• [Provided material]
━━━━━━━━━━━━━━━━

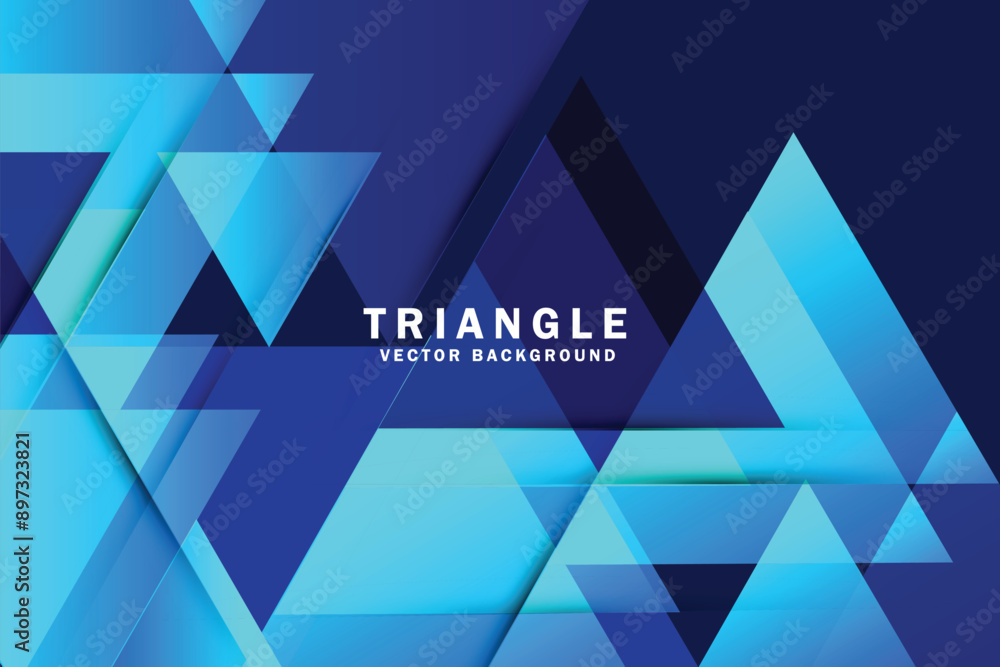 Poster abstract blue background with triangle shape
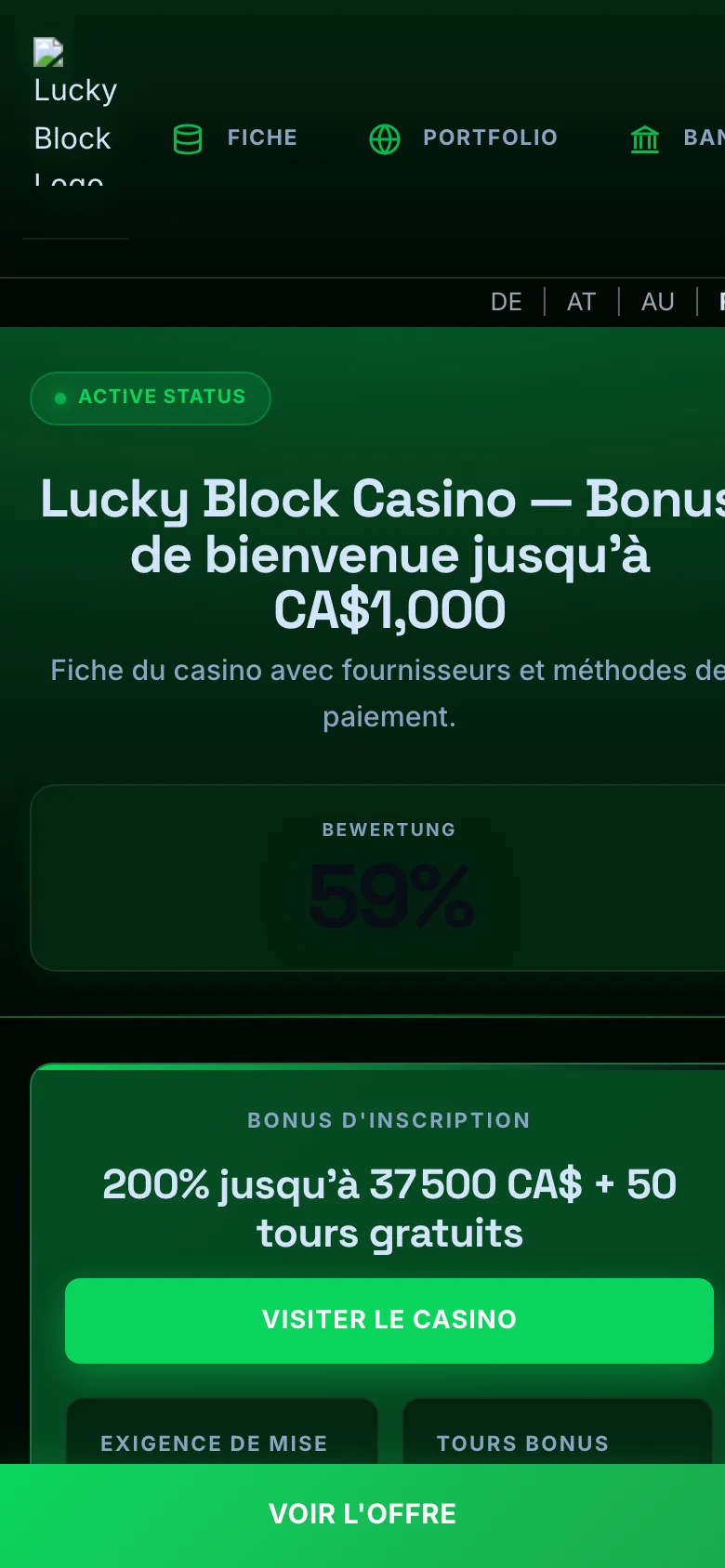 Lucky Block mobile lobby screenshot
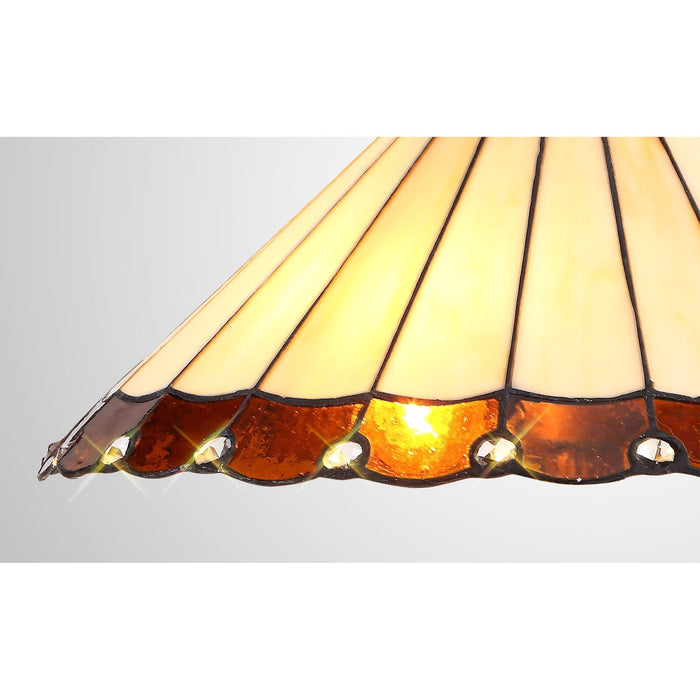Nelson Lighting NL72449 Umbrian Tiffany 40cm Shade Only Suitable For Pendant/Ceiling/Table Lamp Amber/Cream/Crystal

━━━━━━━━━━━━━━━━

• [Required work]
No pictures belong in the copy; quote exactly the lines from the line containing "Lucky Block mobile lobby screenshot" through the final line of the material, both ends included.

• [Answer space]
 Lucky Block mobile lobby screenshot
Nelson Lighting NL72449 Umbrian Tiffany 40cm Shade Only Suitable For Pendant/Ceiling/Table Lamp Amber/Cream/Crystal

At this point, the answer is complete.